PROVIDED INFORMATION |

============

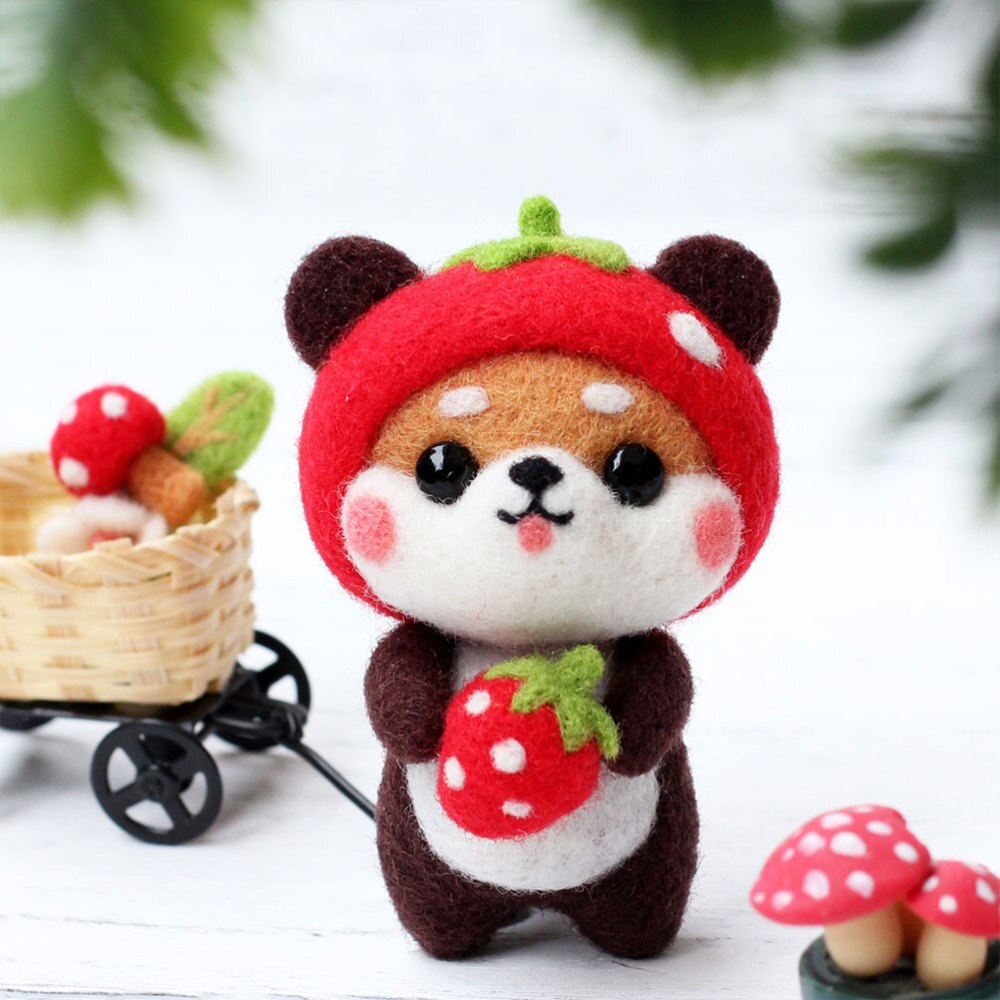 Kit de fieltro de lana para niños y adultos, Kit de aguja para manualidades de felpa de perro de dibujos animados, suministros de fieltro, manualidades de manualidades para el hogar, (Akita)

============

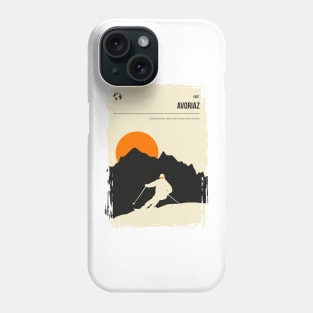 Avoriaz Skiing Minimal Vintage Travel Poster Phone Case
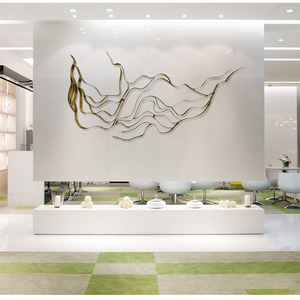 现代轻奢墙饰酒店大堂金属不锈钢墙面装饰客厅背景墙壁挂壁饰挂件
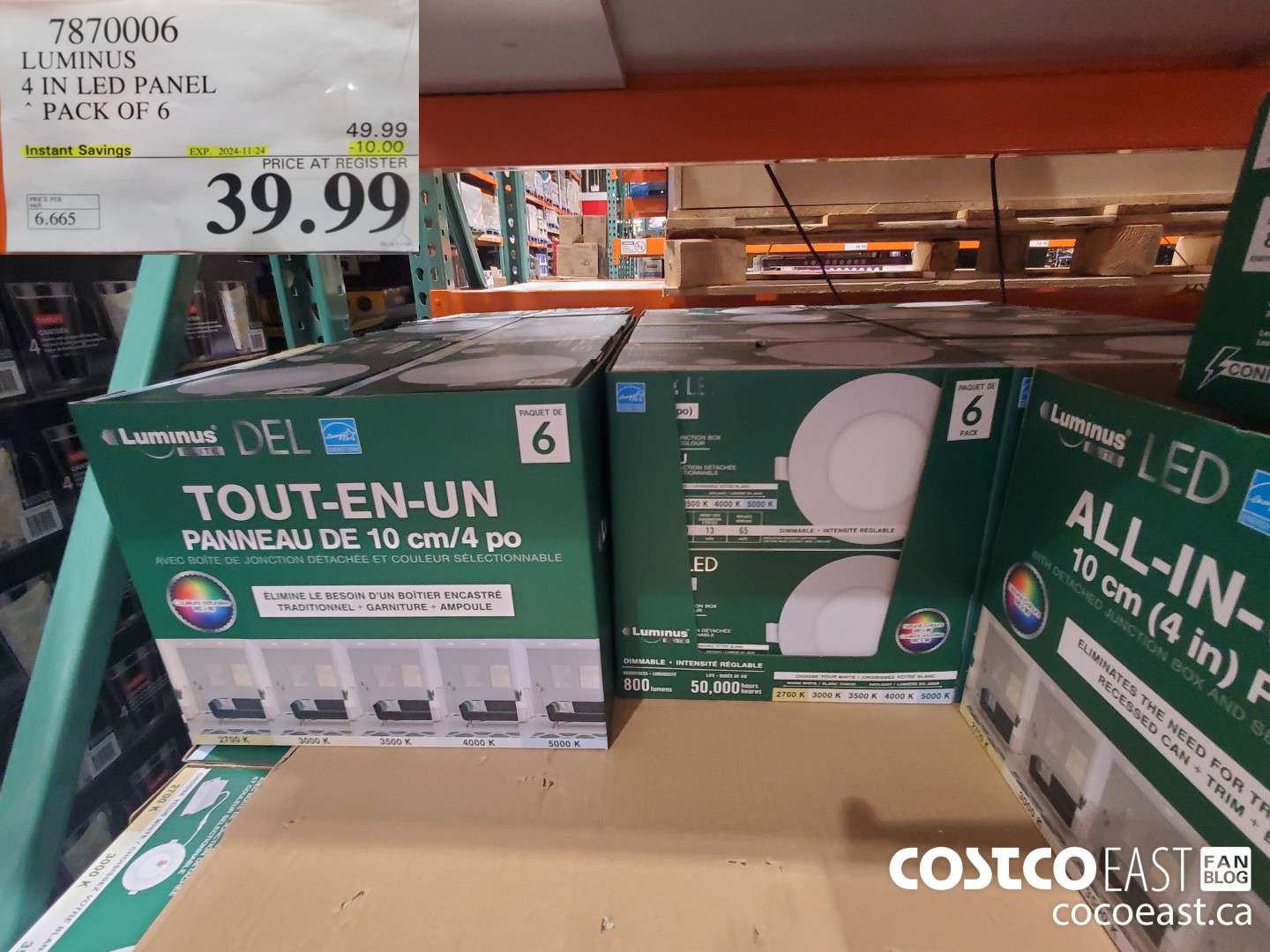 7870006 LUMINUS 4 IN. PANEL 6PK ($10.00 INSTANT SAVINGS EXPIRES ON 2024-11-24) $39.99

============

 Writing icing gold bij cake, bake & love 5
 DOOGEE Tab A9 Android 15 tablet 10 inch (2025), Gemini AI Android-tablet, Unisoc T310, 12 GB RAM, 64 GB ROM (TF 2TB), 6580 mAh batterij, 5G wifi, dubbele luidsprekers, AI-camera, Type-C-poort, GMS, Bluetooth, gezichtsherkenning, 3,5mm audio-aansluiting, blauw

============

EXERCISE DIRECTIONS | Would you print exactly the lines in the listing above, from the line bearing "现代轻奢墙饰酒店大堂金属不锈钢墙面装饰客厅背景墙壁挂壁饰挂件" through the line bearing "7870006 LUMINUS 4", leaving out all pictures?

SOLUTION TO THIS EXERCISE |
 现代轻奢墙饰酒店大堂金属不锈钢墙面装饰客厅背景墙壁挂壁饰挂件
 7870006 LUMINUS 4 IN. PANEL 6PK ($10.00 INSTANT SAVINGS EXPIRES ON 2024-11-24) $39.99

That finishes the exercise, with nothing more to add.